CK Tile Dispatcher - Language Bindings
This directory contains language bindings for the CK Tile Dispatcher.
Structure
bindings/
|---- ctypes/ # Python ctypes bindings (C API)
| |---- gemm_ctypes_lib.cpp # GEMM dispatcher C API
| |---- conv_ctypes_lib.cpp # Grouped conv dispatcher C API (fwd + bwd_data)
| |---- conv_bwdw_ctypes_lib.cpp # Grouped conv backward weight C API (separate library)

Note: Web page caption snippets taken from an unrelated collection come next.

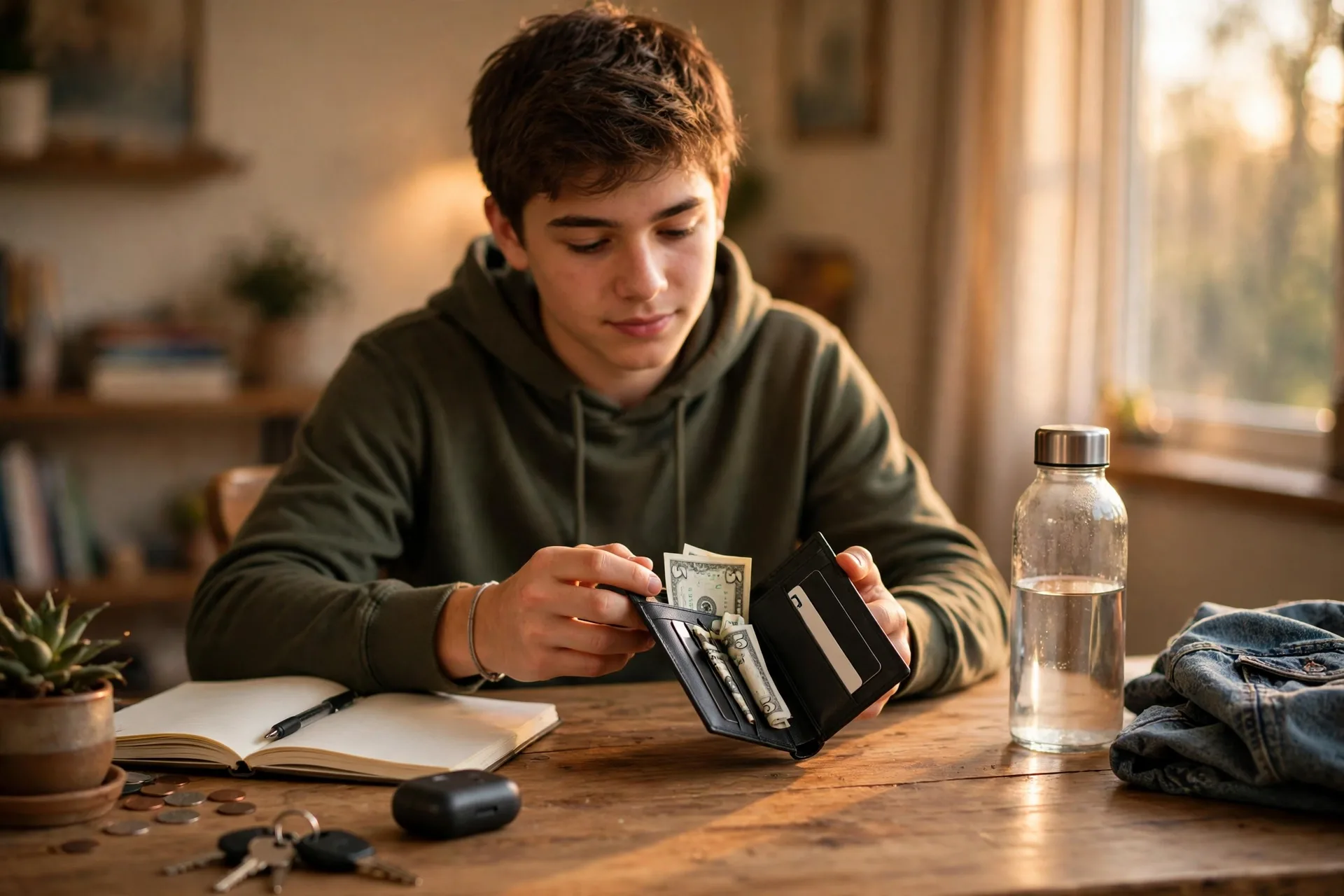Slim card wallet with a few dollars inside on a desk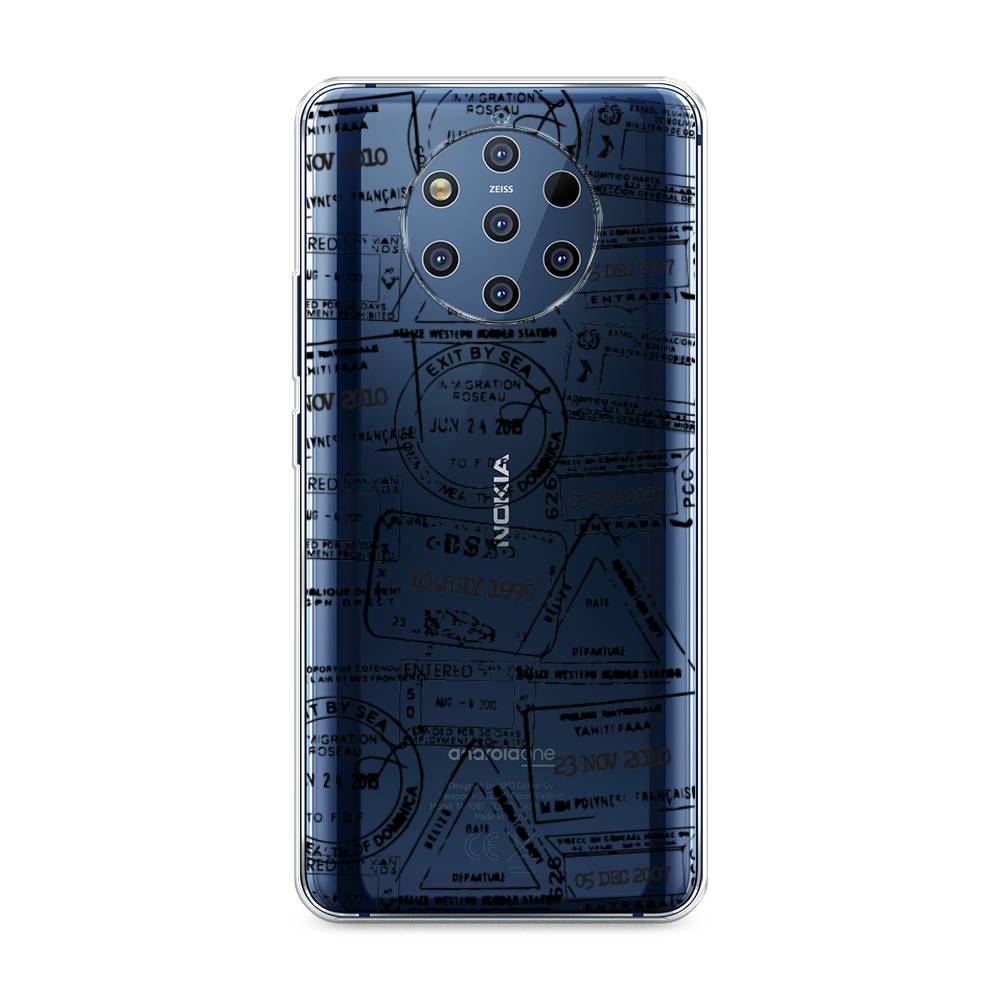 

Чехол на Nokia 9 Pure View "Visa stamps 2", Белый;черный;серый, 122350-2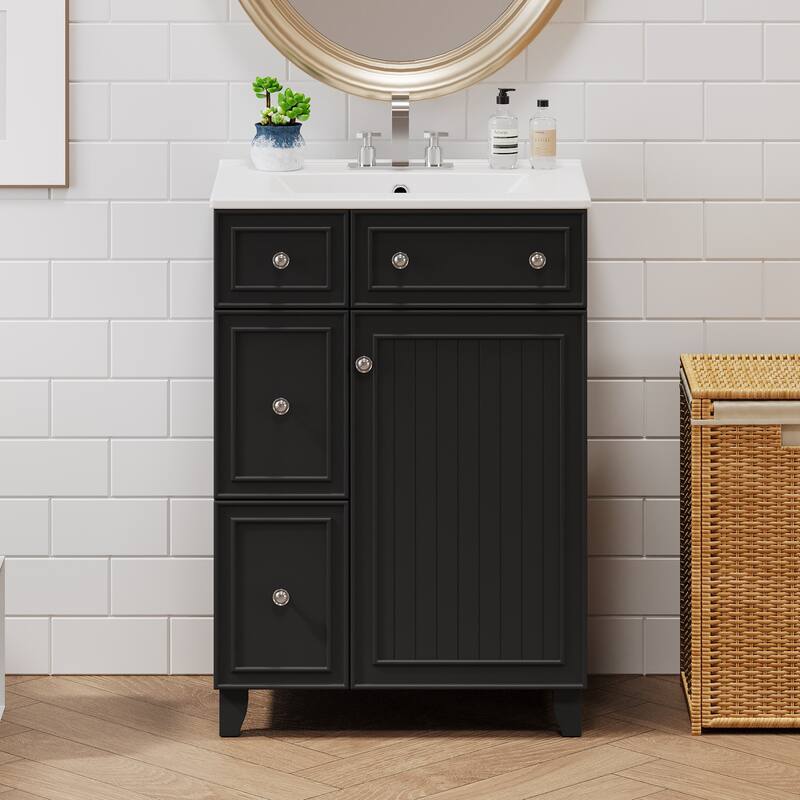 24 Inch Bathroom Vanity Cabinet with Ceramic Sink, 2 Drawers & Door, Bathroom Storage Cabinet Free-standing Single Sink Cabinet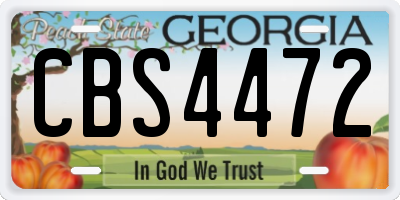 GA license plate CBS4472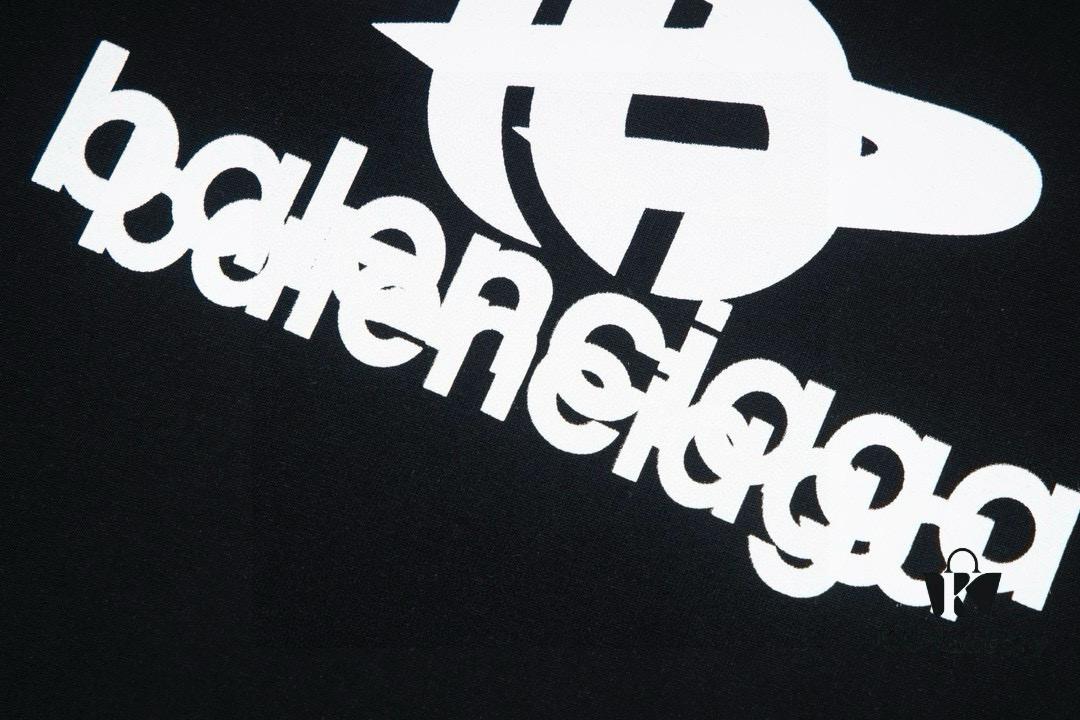 Balenciaga Phantom Double Logo Classic Print Short Sleeve T-Shirt Unisex Loose Fit Cotton 260g 32s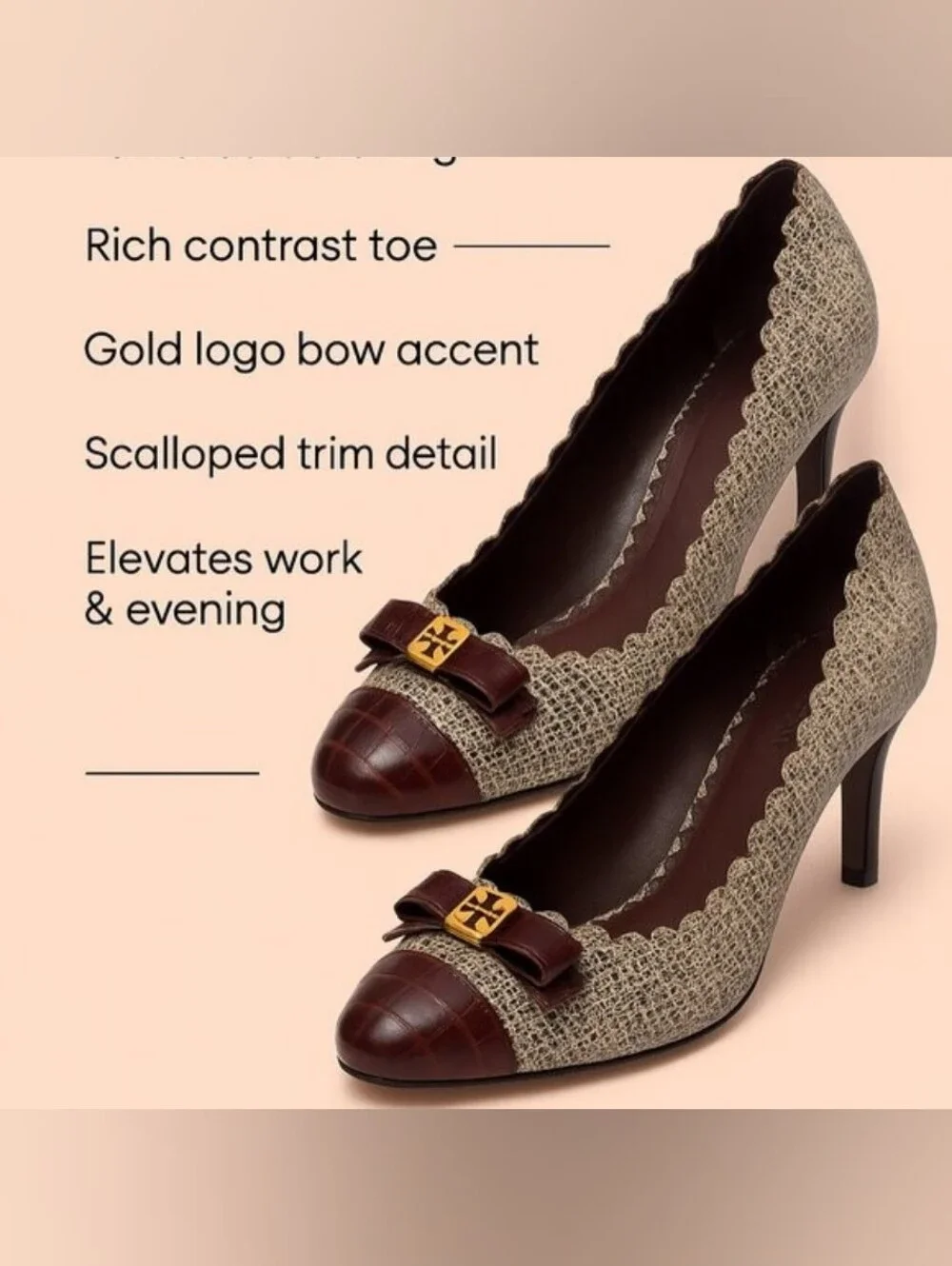 Tory Burch Scalloped Bow Accent Heels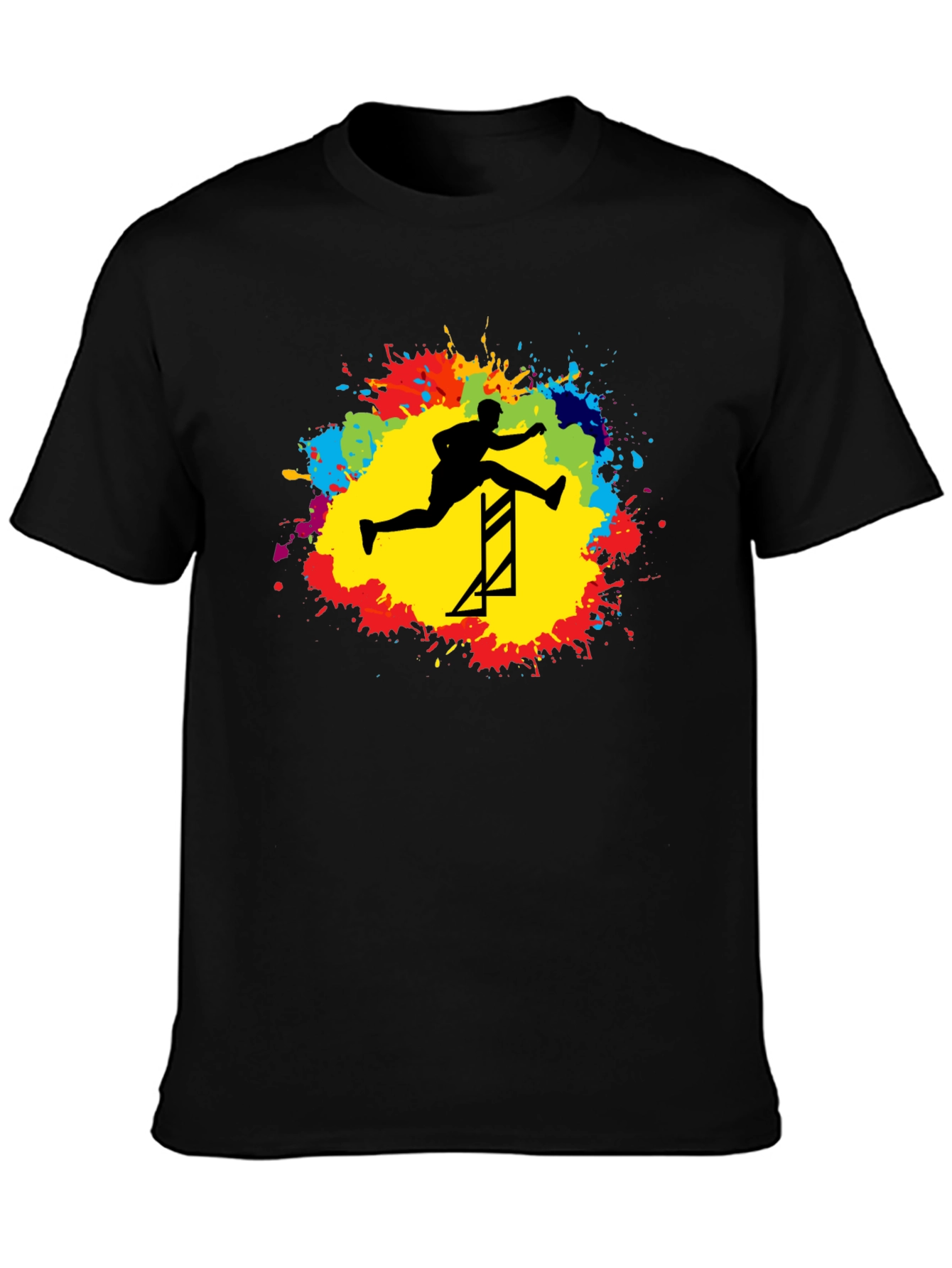 Athlete Hurdling Graphic Tee - Black Cotton T-Shirt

| |---- gpu_helper.cpp # CLI helper for Python
| +---- CMakeLists.txt
+---- README.md
ctypes Bindings
The ctypes bindings provide a C API that Python can load via ctypes.CDLL().
Building
cd build
cmake .. -DCMAKE_PREFIX_PATH=/opt/rocm
make dispatcher_gemm_lib dispatcher_conv_lib gpu_helper
Usage from Python
import ctypes
# Load the library
lib = ctypes.CDLL("path/to/libdispatcher_gemm_lib.so")
# Initialize
lib.dispatcher_init()
# Check if problem is supported
is_supported = lib.dispatcher_is_supported(M, N, K)
# Run GEMM
time_ms = ctypes.c_float()
result = lib.dispatcher_run_gemm(
A_ptr, B_ptr, C_ptr,
M, N, K,
ctypes.byref(time_ms)
)
# Cleanup
lib.dispatcher_cleanup()
GEMM API
| Function | Description |
|---|---|
dispatcher_init() |
Initialize the dispatcher |
dispatcher_is_supported(M, N, K) |
Check if problem size is supported |
dispatcher_select_kernel(M, N, K, name_buf, buf_size) |
Get kernel name for problem |
dispatcher_run_gemm(A, B, C, M, N, K, time_ms) |
Execute GEMM |
dispatcher_get_kernel_count() |
Get number of registered kernels |
dispatcher_export_registry_json() |
Export registry as JSON |
dispatcher_cleanup() |
Release resources |
Grouped Convolution API
| Function | Description |
|---|---|
conv_dispatcher_init() |
Initialize the dispatcher |
conv_dispatcher_is_supported(prob) |
Check if problem is supported |
conv_dispatcher_select_kernel(prob, name_buf, buf_size) |
Get kernel name |
conv_dispatcher_run(input, weight, output, prob, stream) |
Execute convolution |
conv_dispatcher_get_kernel_count() |
Get number of registered kernels |
conv_dispatcher_cleanup() |
Release resources |
GPU Helper
The gpu_helper executable provides a CLI interface for Python:
./gpu_helper 1024 1024 1024 --validate
Output is JSON for easy parsing:
{
"problem": {"M": 1024, "N": 1024, "K": 1024},
"kernel": "gemm_fp16_rcr_...",
"execution": {
"time_ms": 0.5,
"tflops": 4.2
},
"validation": {
"accuracy": 100.0
},
"status": "success"
}
Examples
See the examples that use these bindings:
- GEMM:
dispatcher/examples/gemm/python/
Grouped Convolution
Grouped convolution C++ headers and Python utilities are in:
- C++ Headers:
dispatcher/include/ck_tile/dispatcher/grouped_conv_*.hpp - Python Utils:
dispatcher/python/grouped_conv_utils.py - Build Script:
dispatcher/scripts/compile_grouped_conv_examples.py